In programming, one often needs to check if a number is odd or even. For that, we usually use:
n % 2 == 0
However, my understanding is that the '%' operator actually performs a division and returns its remainder; therefore, for the case above, it would be faster to simply check the last bit instead. Let's say n = 5;
5 = 00000101
In order to check if the number is odd or even, we just need to check the last bit. If it's 1, the number is odd; otherwise, it is even. In programming, it would be expressed like this:
n & 1 == 0
In my understanding this would be faster than % 2 as no division is performed. A mere bit comparison is needed.
I have 2 questions then:
1) Is the second way really faster than the first (in all cases)?
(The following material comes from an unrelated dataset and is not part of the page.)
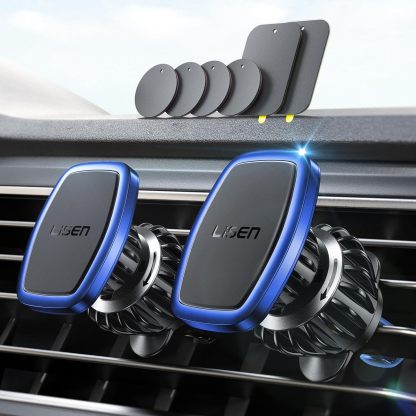 2 Pack Magnetic Phone Holder for Car Vent, [6 Strong Magnets] Magnetic Car Mount, Hands Free Air Vent Cell Phone Holder Mount for Car, Fit 4-11in iPhone 13 Pro Max,13 Pro, All Phones Sliver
2) If the answer for 1 is yes, are compilers (in all languages) smart enough to convert % 2 into a simple bit comparison? Or do we have to explicitly use the second way if we want the best performance?
Yes, a bit-test is much faster than integer division, by about a factor of 10 to 20, or even 100 for 128bit / 64bit = 64bit idiv on Intel. Esp. since x86 at least has a test instruction that sets condition flags based on the result of a bitwise AND, so you don't have to divide and then compare; the bitwise AND is the compare.
I decided to actually check the compiler output on Godbolt, and got a surprise:
return n % 2 from a signed int n value instead of just testing it for non-zero (if (n % 2)) produces slower code than return n & 1. This is because (-1 % 2) == -1, while (-1 & 1) == 1, so the compiler can't just use a bitwise AND. Compilers still avoid integer division, though, and use some clever shift / and / add / sub sequence instead to get the -1 / 0 / +1 remainder, because that's still cheaper than an integer division. (gcc and clang use different sequences.)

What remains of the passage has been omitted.